Chapter five of the thesis focuses on the future outlook, discussion, and conclusion. I begin the chapter with preliminary data on the optimization of the next generation of gastrin-releasing peptide (GRP), a critical neuropeptide for regulating fear extinction. In this section, I present an ongoing project that aims to optimize the sensitivity from a previous generation GRP sensor, grpLight1.0. Given that we have published the grpLight1.0 in 2021 and used this sensor to reveal that bombesin-like peptide plays a crucial role in enhancing fear memory by recruiting disinhibitory cortical circuits. However, grpLight1.0 is not sensitive enough to detect functionally relevant GRP levels in vivo. The first section of the chapter provides results for the sensitivity optimization of grpLight1.0 with characterizations in vitro and preliminary data for monitoring GRP release in vivo during fear conditioning. This optimized sensor variant, grpLight2.0, will be followed by more detailed ex vivo and in vivo characterizations for further dissecting GRP’s role in the brain. In the later sections, I discuss the limitations of GENIs in the field of neuroscience and present a mathematical model for potential GENI optimization directions. Finally, I summarize my thesis projects and provide a future outlook.

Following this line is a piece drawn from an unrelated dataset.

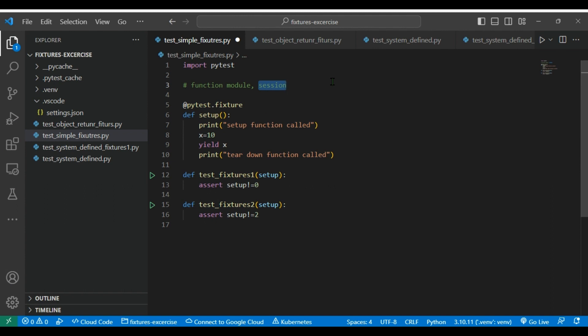For example, session scope. Basically, when you are having some initialization for your test execution which you want to do only one time during one session of the test execution. For example, let's say consider you have some database communication, you want to initiate one session or you want to map a database session one time. Then you will create a fixture by making that scope as a session and you will be using that wherever it is required throughout the test cases.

Together, this thesis presents the methodology and applications of GENIs to study the dynamics of selected NM signaling and drug-receptor interaction in the brain. It provided valuable insights into the role of NM in shaping circuit function, both in healthy and diseased conditions. It highlights the need for better indicators of existing and other NM for a broader understanding of brain computation. Optimizing indicators for better SNR and expanding the toolkit for multiplex imaging with indicators on different spectrums is encouraged to perform multi-NM readouts simultaneously. Methods including machine learning and fluorescence-activating cell sorting are also suggested to enhance the indicator optimization process in the future. This thesis presents the significance of GENIs in neuroscience research and their possibilities in furthering our understanding of neural circuits in complex behaviors and pharmacology with precision.